After generating a heatmap plot of the top 1000 peaks the peak-motif algorithm from RSAT was used to identify motifs de novo. By analyzing the output from this algoritm the second most significant result was chosen for further analysis due to it containing the key part of the recognition motif of FOXO1 (TGTT).
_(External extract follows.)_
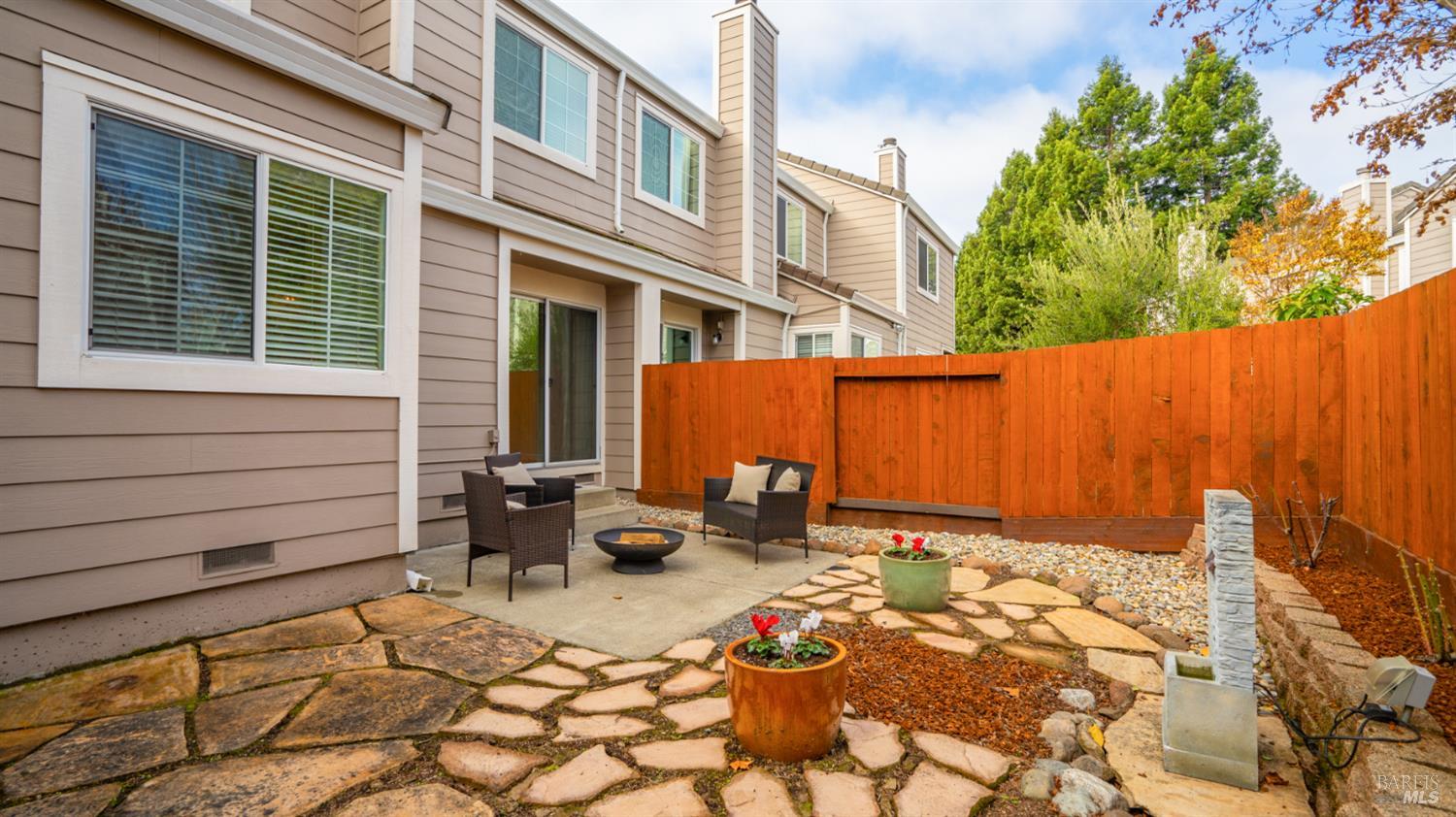 Detail Gallery Image 31 of 31 For 1714 Zinfandel Dr, Petaluma,  CA 94954 - 3 Beds | 2/1 Baths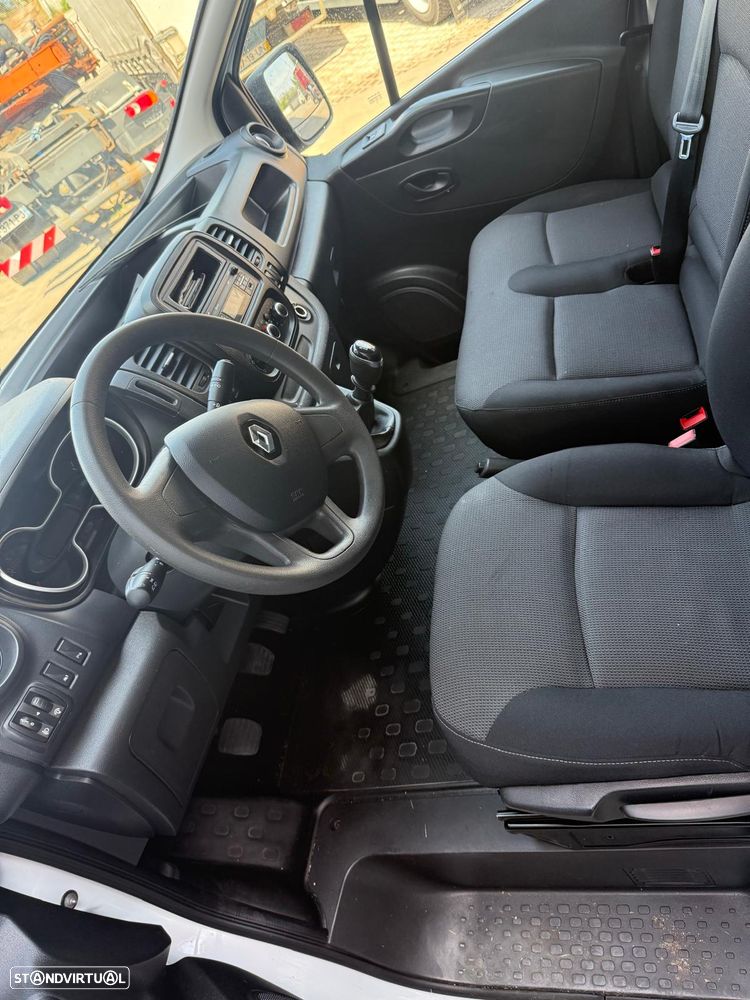 Renault Trafic - 11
Next a table of all peaks containing this motif were downloaded for further manipulation so it would only contain the direct peaks with the FOXO1 motif. 

This newly generated .bed-file was then used as an input in the i-cisTarget algorithm to search for possible enrichment for the FOXO1 protein. This was relatively succesful indicated by the fact that the 27th result corresponded to the transcription factor of interest. The .bed-file for this result was downloaded from the server and was used in the penultimate step as input for the GREAT-algorithm. This algorithm was used to look for associated bioprocesses with the generated peaks from the ChiP-seq. And from this I was able to confirm the role of CtbP2 binding to FOXO1 was important for the regulation of several lipid-associated processes. Finally the list of genes associated with the primary GO-term (lipid metabolic process) were downloaded and used as input in the String-database. The result from set database gave an interconnectedd web of proteins associated with FOXO1.